Option traders pay $14.5M to settle SEC's allegations

By Michael P. Tremoglie | Jul 20, 2012

NEW YORK (Legal Newsline) - The Securities and Exchange Commission announced Tuesday that two options traders previously accused of short selling violations have agreed to pay more than $14.5 million to settle the case against them.

The SEC alleged that brothers Jeffrey and Robert Wolfson "engaged in naked short selling by failing to locate shares involved in short sales and failing to close out the resulting failures to deliver. SEC rules require short sellers to locate shares to borrow before selling them short, and they must purchase securities to close out their failures to deliver by a specified date."

According to the SEC, the Wolfsons made illegal naked short sales from July 2006 to July 2007. Jeffrey allegedly made illegal naked short sales while working as a broker-dealer and later as the principal trader at a Chicago-based brokerage firm that is no longer in business.

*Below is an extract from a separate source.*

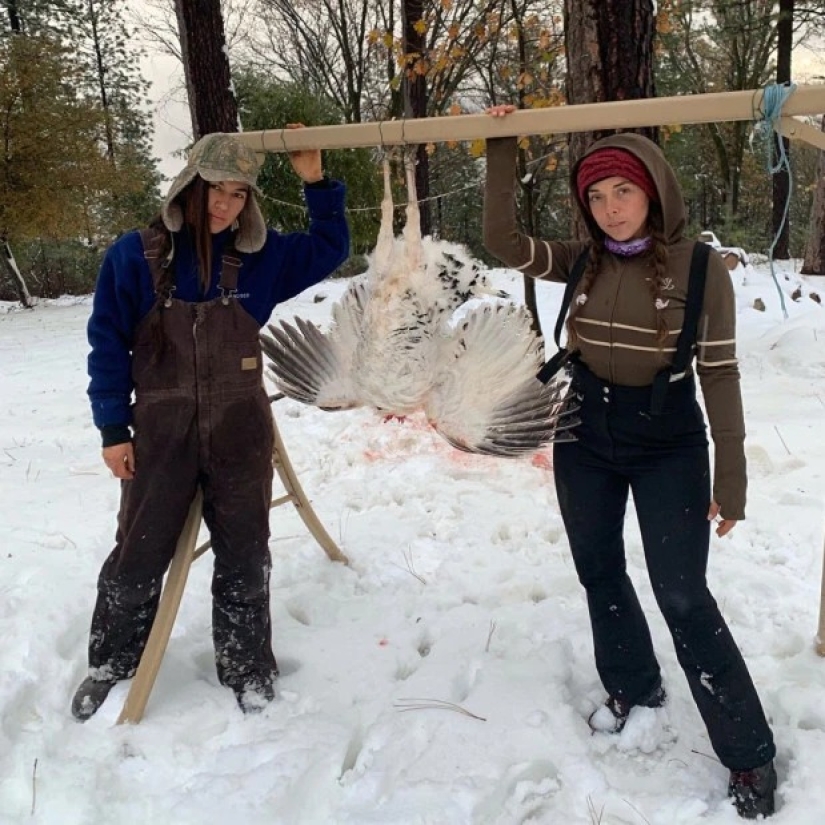 To grow hemp, fighting off bears girlfriend refused from the comfort to live "out of range"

The SEC said Robert conducted illegal naked short sales while trading in an account at New York-based broker-dealer Golden Anchor Trading II LLC, which also was charged by the SEC and agreed to the settlement.

The Wolfsons made approximately $9.5 million in illegal profits from their naked short selling transactions, the SEC said. Jeffrey generated approximately $8.8 million and Robert, as well as Golden Anchor, made more than $700,000, the SEC said.

"The Wolfsons attempted to game short-selling restrictions in order to win millions of dollars in illegal profits. This settlement deprives them of those profits and more," said Andrew Calamari, Acting Director of the SEC's New York Regional Office.

The Wolfsons and Golden Anchor settled without admitting or denying guilt. Jeffrey will pay $13,425,000, including a $2.5 million penalty in addition to disgorgement and prejudgment interest. Robert and Golden Anchor will pay $1.1 million in disgorgement, prejudgment interest and penalties.